Data records section start

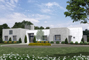 Example 3D rendering of house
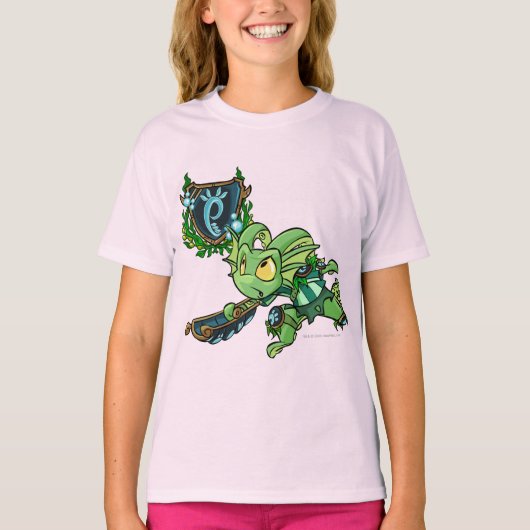 マーアクアチームキャプテン1 Tシャツ (正面)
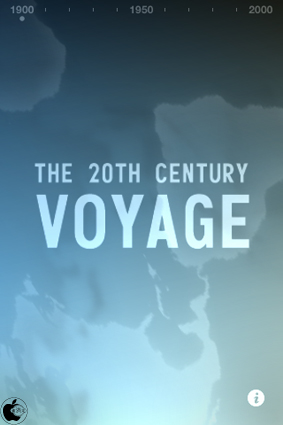 大ヒットスクリーンセーバーのiphoneアプリ版 The th Century Voyage を試す Iphone App Store Macお宝鑑定団 Blog 羅針盤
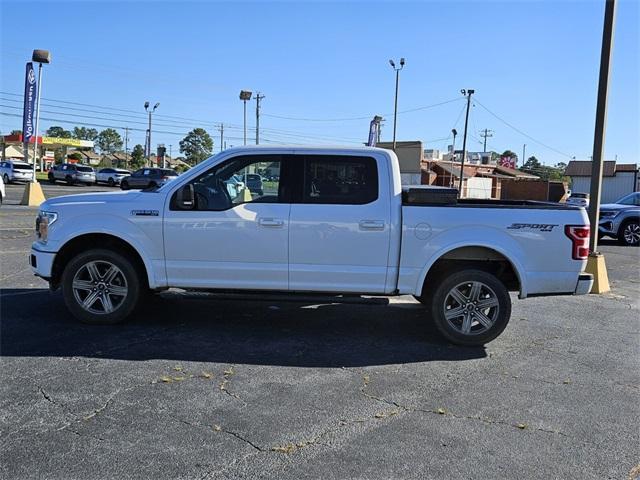 2019 ford f-150 xlt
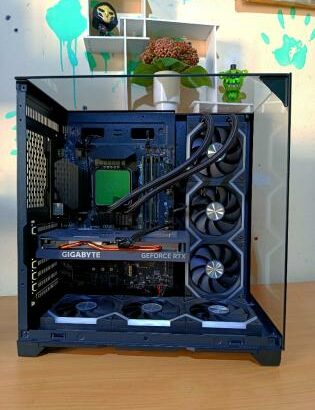 Computador Gamer 14ª Geração/RTX 4060/64GB RAM / 1TB ssd( PC gamer ) de alta performance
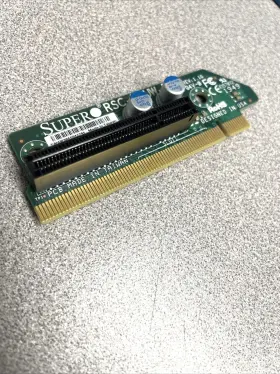 Rsc-r1uw-e8r Supermicro 1u Wio Pci-express Riser Card Wiht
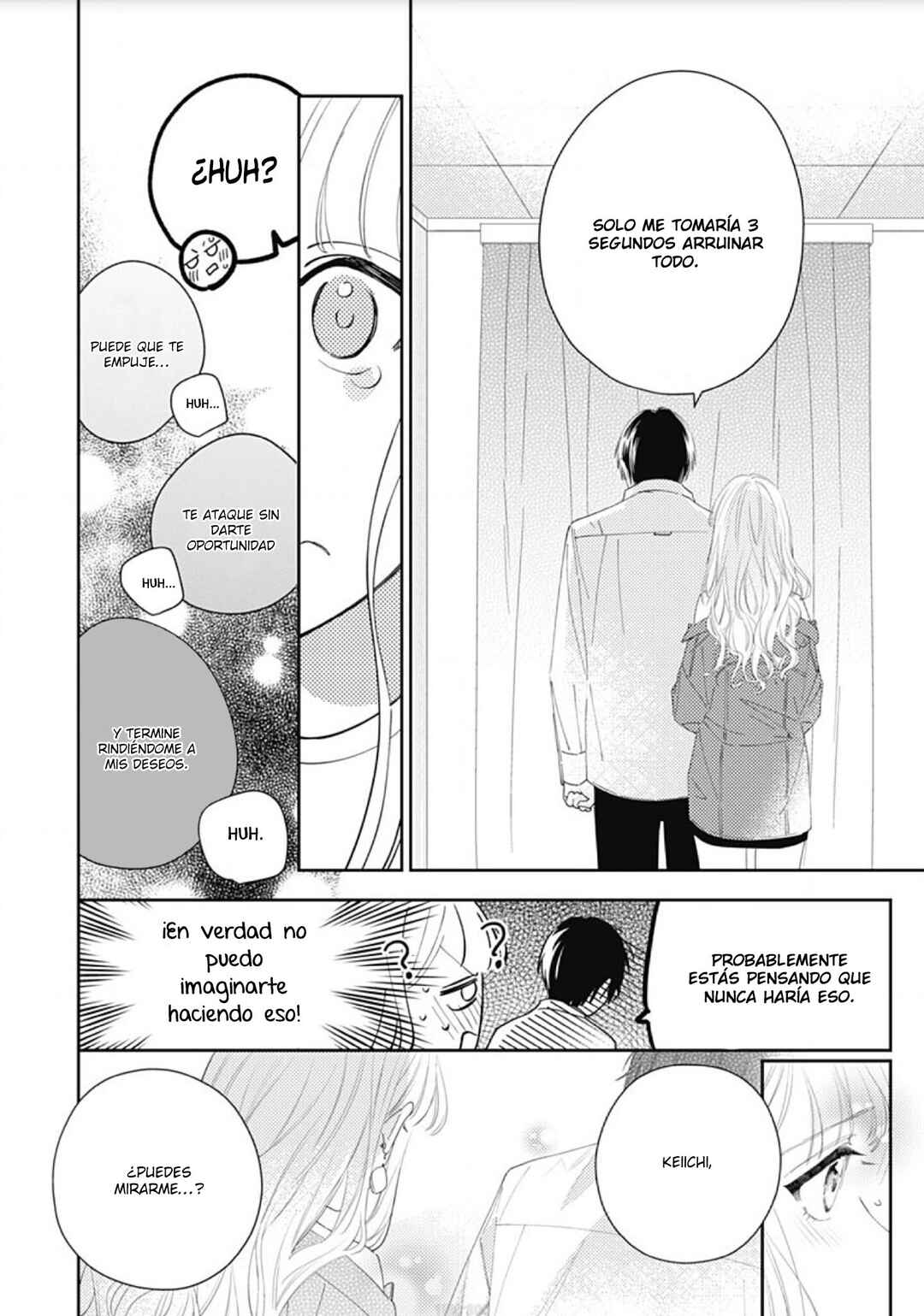 Hayaku Shitai Futari Chapter 11 - Page 19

Data records section end

§ **Requirement**:
What is needed is an exact restatement of the lines from the line with "大ヒットスクリーンセーバーのiphoneアプリ版 The th" through the final line of the data, pictures excluded.

§ **Your response**:
 大ヒットスクリーンセーバーのiphoneアプリ版 The th Century Voyage を試す Iphone App Store Macお宝鑑定団 Blog 羅針盤
 2019 ford f-150 xlt
 Computador Gamer 14ª Geração/RTX 4060/64GB RAM / 1TB ssd( PC gamer ) de alta performance
 Rsc-r1uw-e8r Supermicro 1u Wio Pci-express Riser Card Wiht
 Hayaku Shitai Futari Chapter 11 - Page 19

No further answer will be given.